Content starts
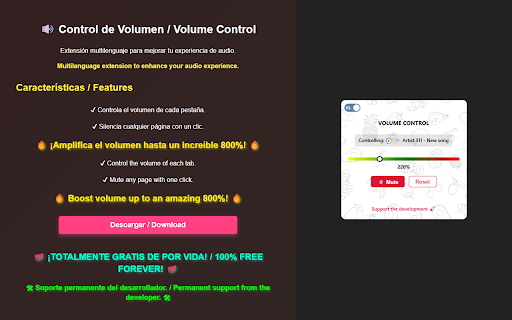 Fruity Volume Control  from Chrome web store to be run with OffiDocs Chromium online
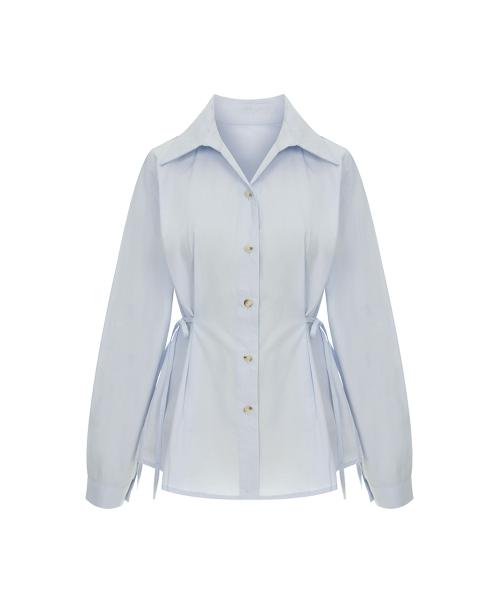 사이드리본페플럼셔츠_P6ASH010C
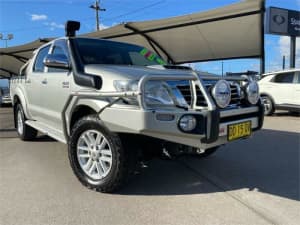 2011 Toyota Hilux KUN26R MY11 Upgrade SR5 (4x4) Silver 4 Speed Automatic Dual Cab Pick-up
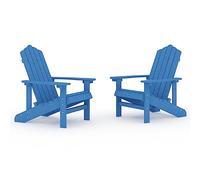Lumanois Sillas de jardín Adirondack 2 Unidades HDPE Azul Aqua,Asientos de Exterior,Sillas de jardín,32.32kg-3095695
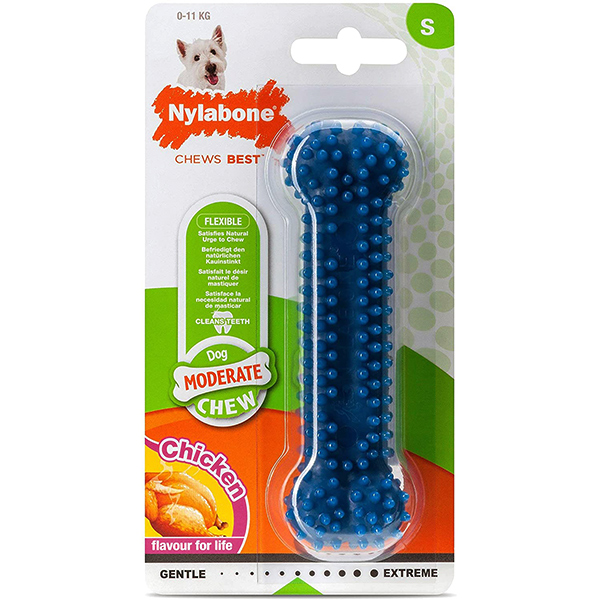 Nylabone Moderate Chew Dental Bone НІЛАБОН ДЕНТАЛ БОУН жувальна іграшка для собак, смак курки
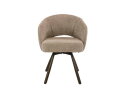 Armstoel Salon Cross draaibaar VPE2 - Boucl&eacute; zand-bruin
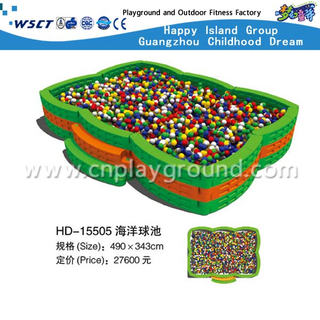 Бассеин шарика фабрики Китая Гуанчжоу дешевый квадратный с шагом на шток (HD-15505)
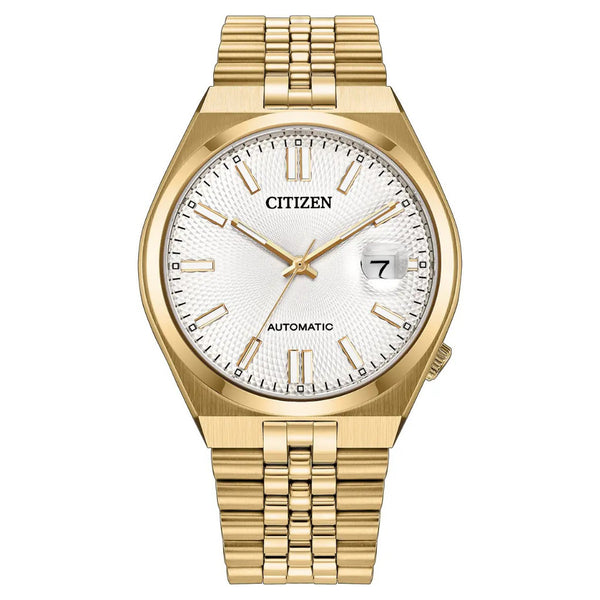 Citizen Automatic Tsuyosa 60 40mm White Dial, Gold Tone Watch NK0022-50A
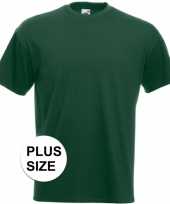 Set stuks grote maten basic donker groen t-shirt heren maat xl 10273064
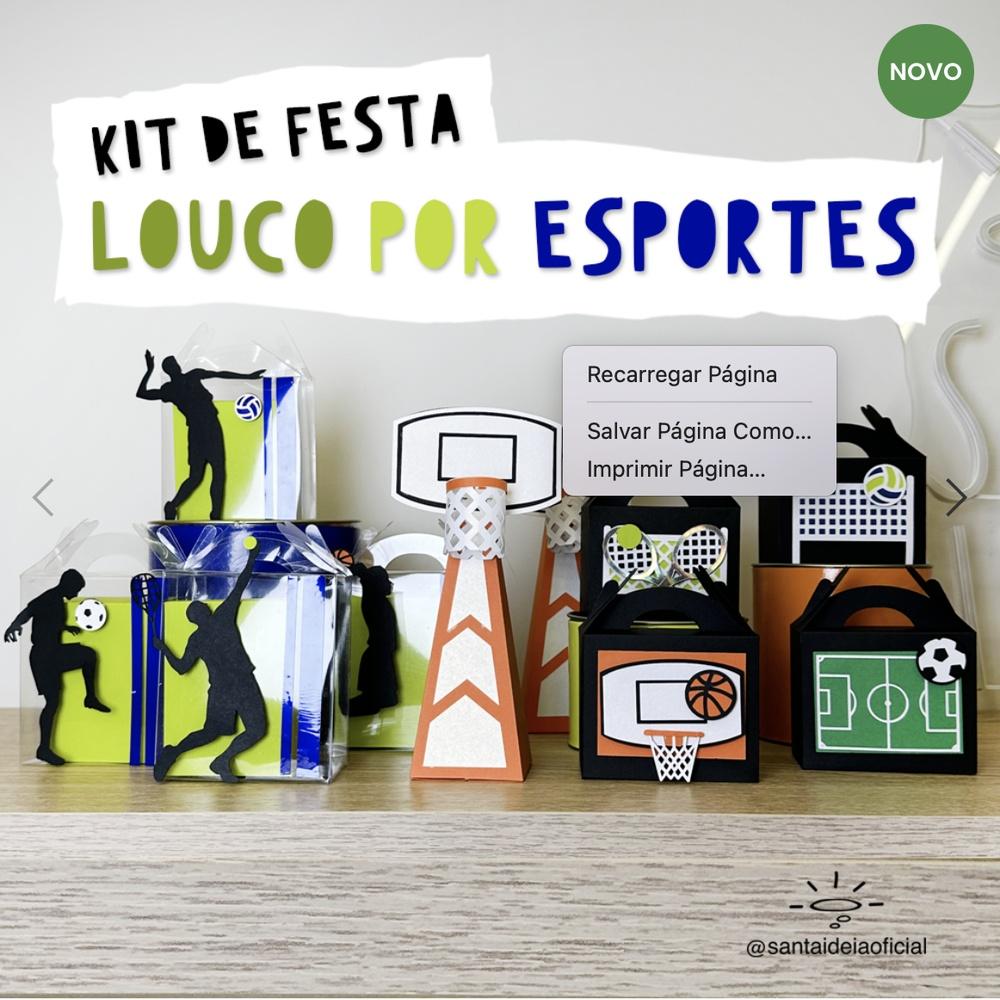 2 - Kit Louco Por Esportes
Content ends
Content starts
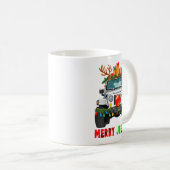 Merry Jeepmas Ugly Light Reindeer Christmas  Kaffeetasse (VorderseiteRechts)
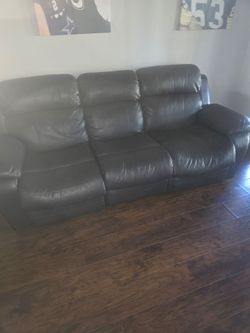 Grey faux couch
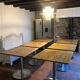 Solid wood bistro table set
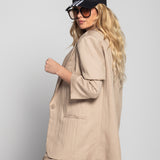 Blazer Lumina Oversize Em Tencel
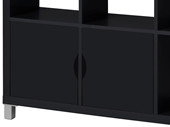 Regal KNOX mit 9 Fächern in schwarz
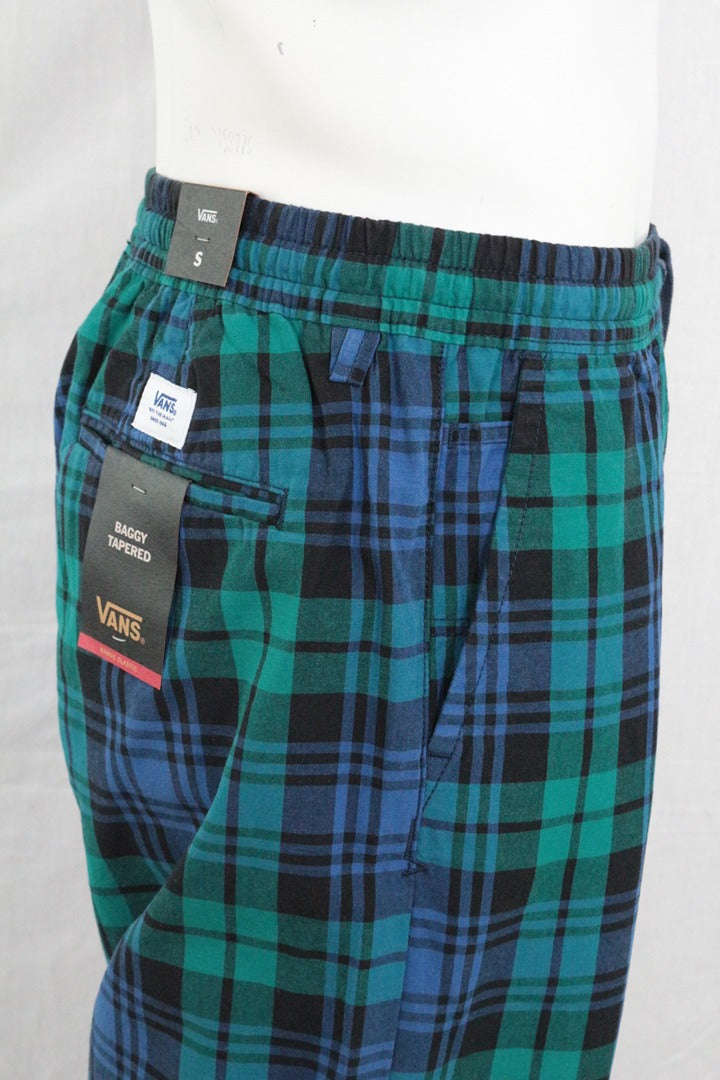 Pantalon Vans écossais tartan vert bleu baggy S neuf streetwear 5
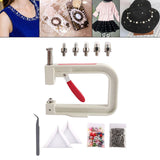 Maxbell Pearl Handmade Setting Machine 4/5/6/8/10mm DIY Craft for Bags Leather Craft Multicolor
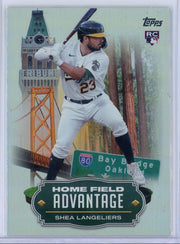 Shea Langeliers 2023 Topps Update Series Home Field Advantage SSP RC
Content ends
Content starts
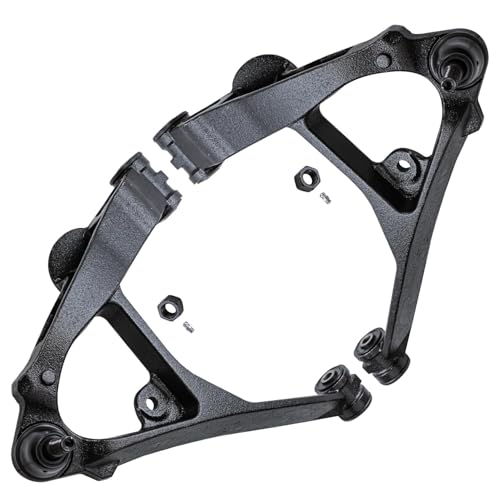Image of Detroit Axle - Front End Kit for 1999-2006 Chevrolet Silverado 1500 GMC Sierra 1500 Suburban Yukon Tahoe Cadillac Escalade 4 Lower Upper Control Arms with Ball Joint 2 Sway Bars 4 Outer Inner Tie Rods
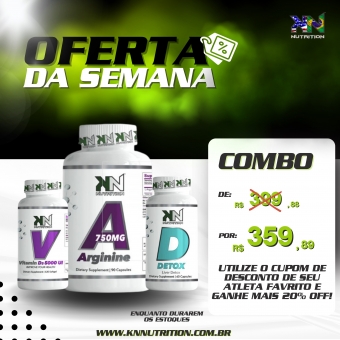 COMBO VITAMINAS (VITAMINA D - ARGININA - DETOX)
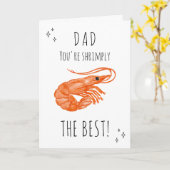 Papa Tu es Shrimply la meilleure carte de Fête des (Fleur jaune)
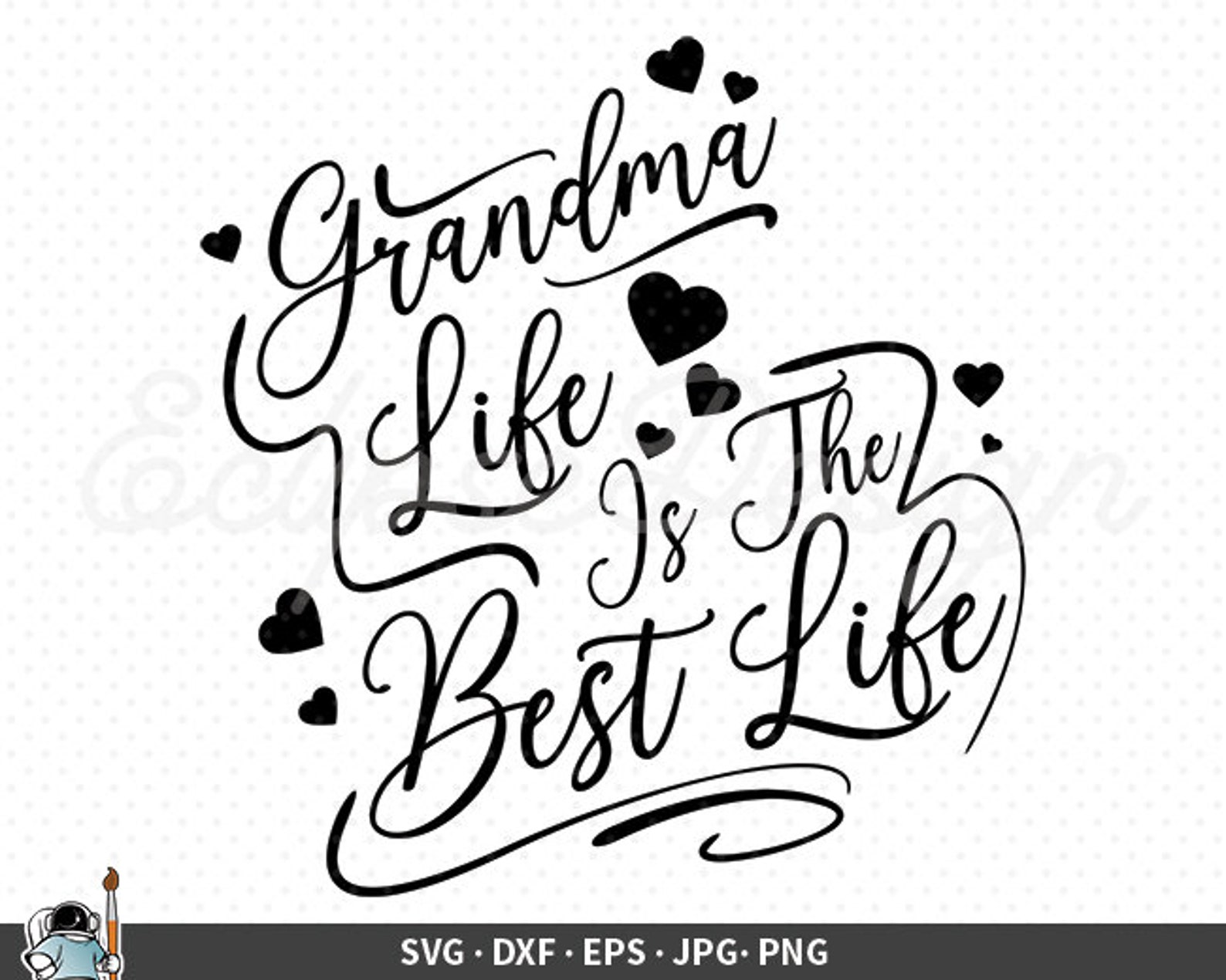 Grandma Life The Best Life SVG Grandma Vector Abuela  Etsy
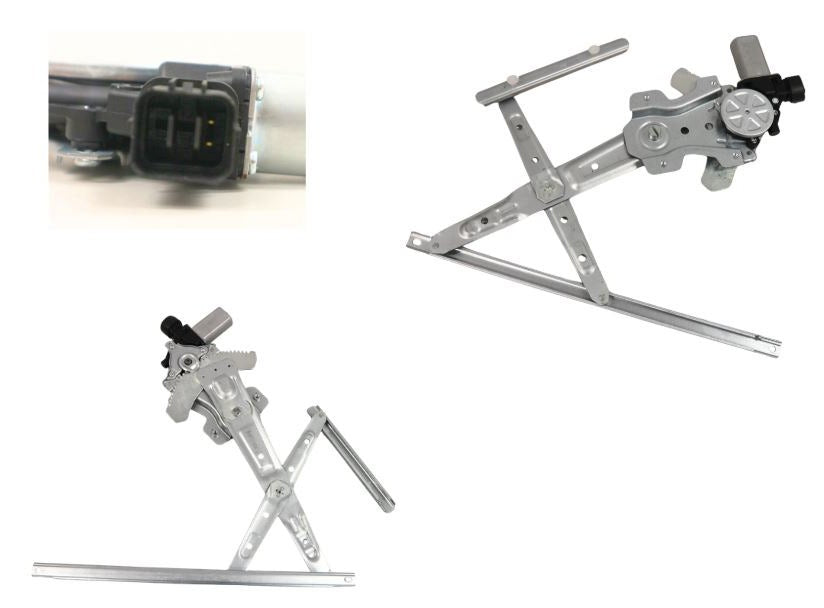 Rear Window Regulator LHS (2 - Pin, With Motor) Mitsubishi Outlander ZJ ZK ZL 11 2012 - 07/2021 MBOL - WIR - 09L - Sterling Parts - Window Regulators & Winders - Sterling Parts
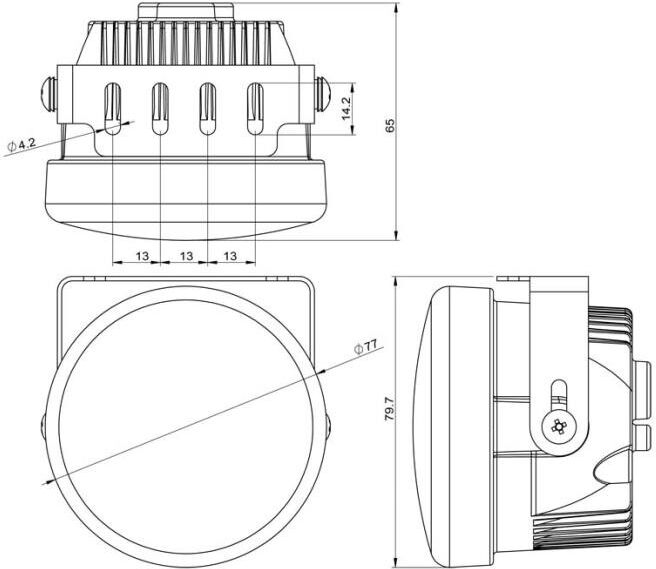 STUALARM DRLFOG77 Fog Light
Content ends
> [Task objective]: For this exercise, reproduce exactly the lines of the records above from the one with "2011 Toyota Hilux" up to and including the one with "Lumanois Sillas de", without pictures.

> [Problem solution]:
 2011 Toyota Hilux KUN26R MY11 Upgrade SR5 (4x4) Silver 4 Speed Automatic Dual Cab Pick-up
Lumanois Sillas de jardín Adirondack 2 Unidades HDPE Azul Aqua,Asientos de Exterior,Sillas de jardín,32.32kg-3095695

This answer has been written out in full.